Keyword Vocabulary Convergence

1. Problem
- 1.1. Per-document keyword count distribution
2. Convergence rounds
3. Method
- 3.1. Convergence criterion
- 3.2. Exceptions to singleton pruning
4. Lemmatization as post-processing
5. Semantic augmentation
6. Current state (2026-06-01)
7. Related work
8. Implementation
9. Applicability

Controlled Vocabulary v1 – 6 facets, 47 terms, migration strategy

1. Problem

A personal research archive accumulates free-text keywords over years. Without curation, the vocabulary drifts:

Symptom	Example	Count
Singletons (used once)	`$.tmpl()`, `2136 6th avenue`	2645 (80%)
Near-duplicates	`org mode` / `org-mode`	6 pairs
Too broad	`clojure` (55 docs)	1
Missing entirely	131 docs with no keywords	21%

The search engine (pocket-es) displays keywords as clickable chips. A keyword that appears once connects nothing. A keyword on 55 docs produces 6 pages of results – too many to scan. The goal: every keyword appears on 2–50 docs (1–5 pages at 10 results per page).

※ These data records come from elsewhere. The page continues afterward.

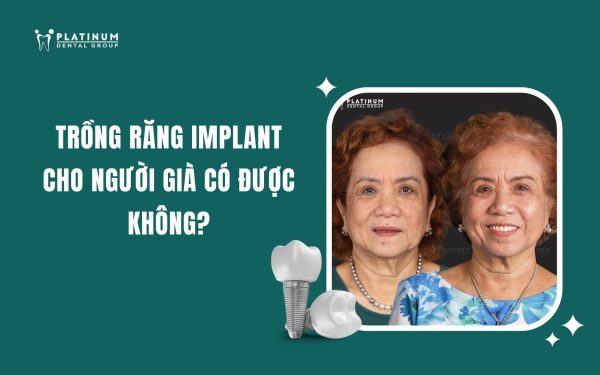 trồng răng implant cho người già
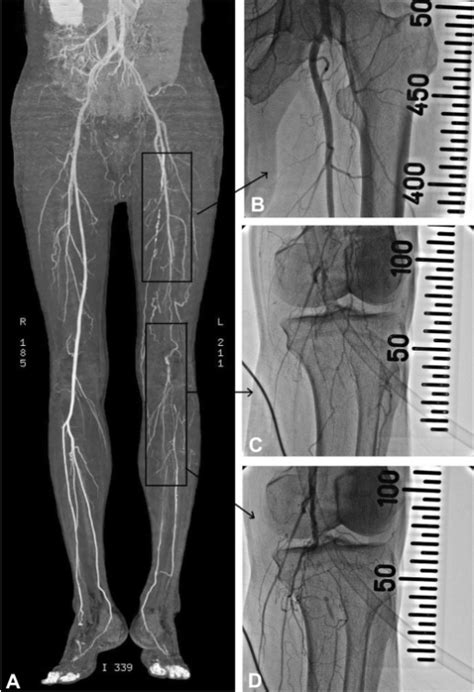 Computed Tomography And Angioplasty Of The Lower Extrem Open I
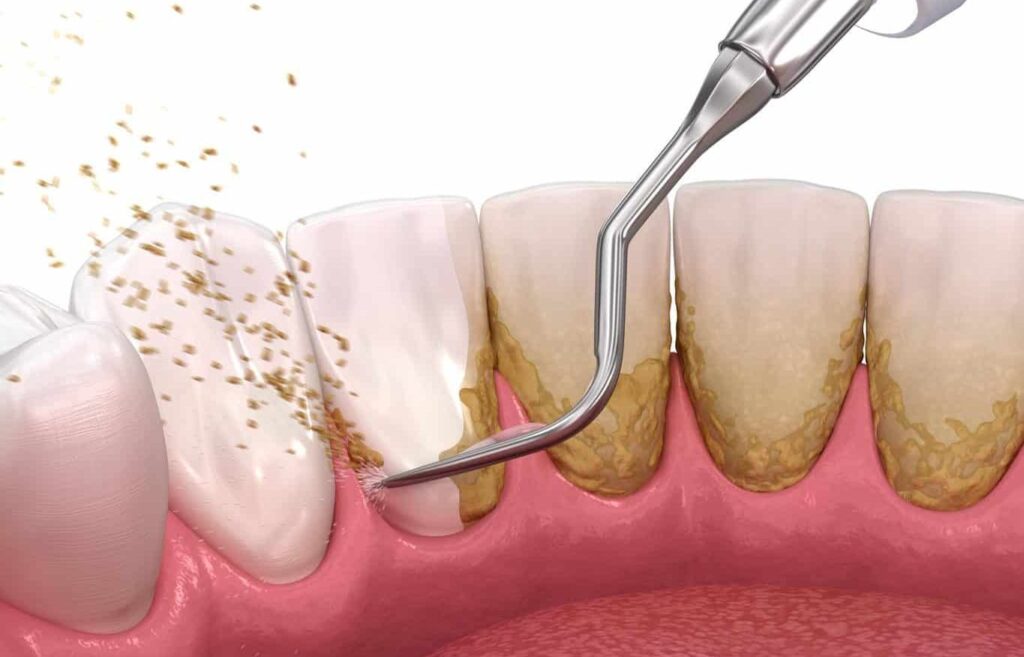 tratamente naturiste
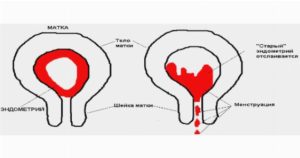 Причины и лечение сгустков крови в матке после родов. Сгустки после родов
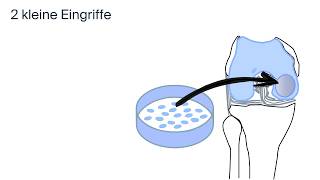 Behandlung Knorpelschaden by ATOS Kliniken [upl. by Marketa]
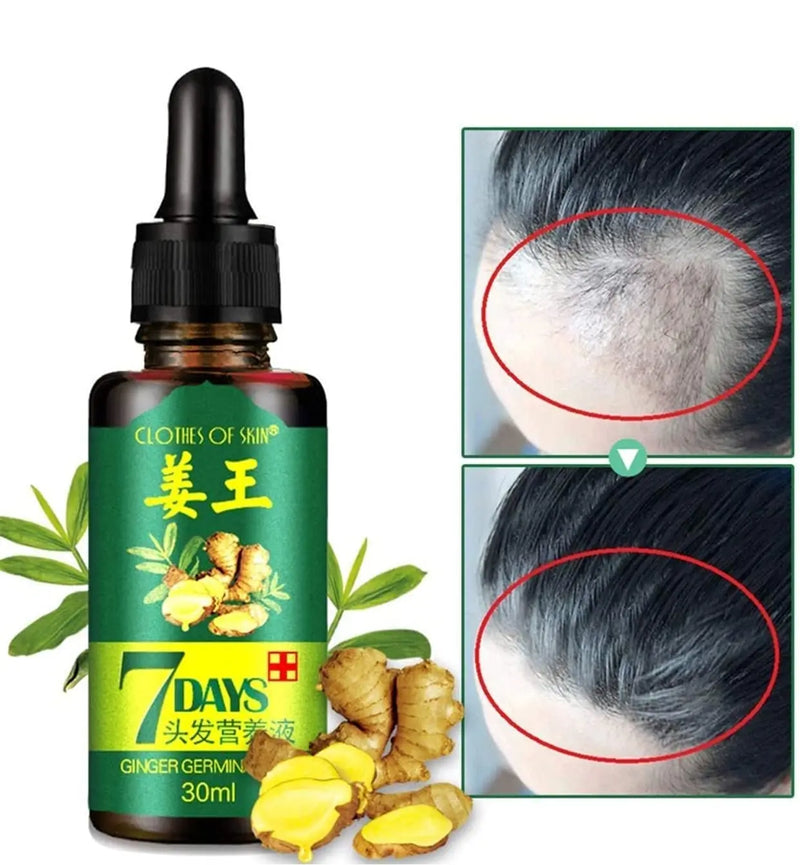 7 Days Ginger Germinal Oil - Hair Regrowth Serum 30ml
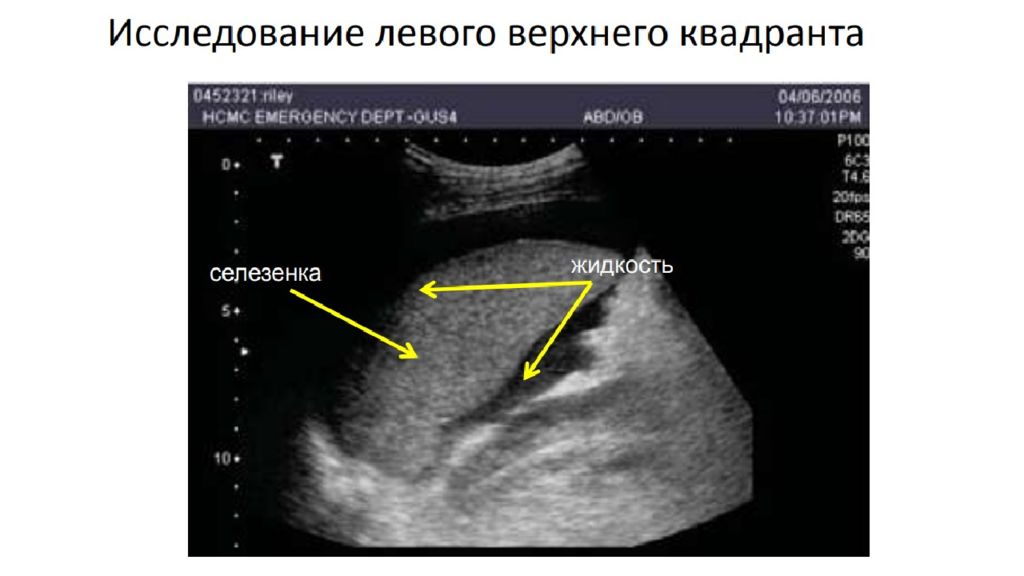 Новик узи. Неотложная ультразвуковая диагностика. Ультразвуковая диагностика неотложных состояний. УЗИ В неотложных состояниях. Ультразвуковая диагностика неотложных состояний презентация.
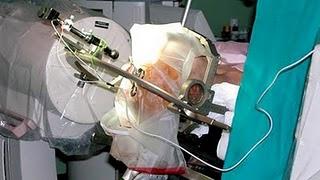 La neuroestimulación en Parkinson consigue reducir los efectos adversos La neuroestimulación en Parkinson consigue reducir los efectos adversos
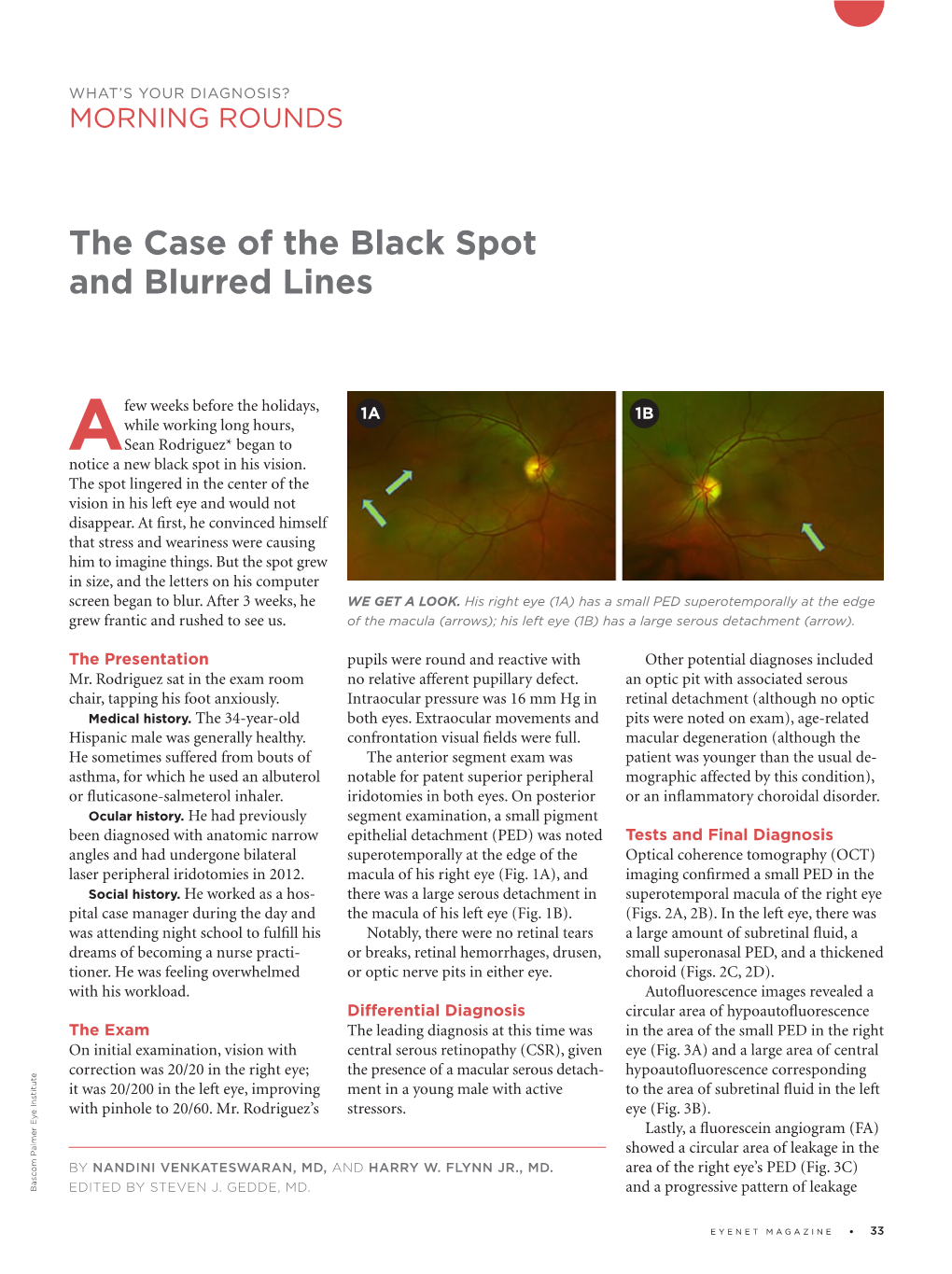 The Case of the Black Spot and Blurred Lines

1.1. Per-document keyword count distribution

The number of keywords per document should also be consistent. Too many keywords dilute signal; too few leave the doc unreachable.

Metric	Value
Mean	9.9 keywords/doc
Std dev	6.1
Consistent range (mean ± 1σ)	4–16
Over-tagged (>16)	72 docs
Under-tagged (<4)	11 docs
No keywords	98 docs

Worst offenders: libpython-clj2 (63 keywords), startup-weekend-seattle-2012 (48), angular-summit-boston-2017 (42). These are keyword dumps from the 2024 GPT-3.5 review pass – the model listed every noun in the document.

The convergence loop should also normalize per-document counts: prune over-tagged docs to the 10–12 most discriminating keywords, fill under-tagged docs from content analysis.

kw/doc	R0	R1	R2
0	131	98	43
1-3	15	11	2
4-6	62	95	114
7-9	120	155	292
10-12	105	120	98
13-16	55	52	43
17-20	38	30	38
21+	72	52	0

2. Convergence rounds

2.1. Round 0: GPT-3.5 batch review (2024-08)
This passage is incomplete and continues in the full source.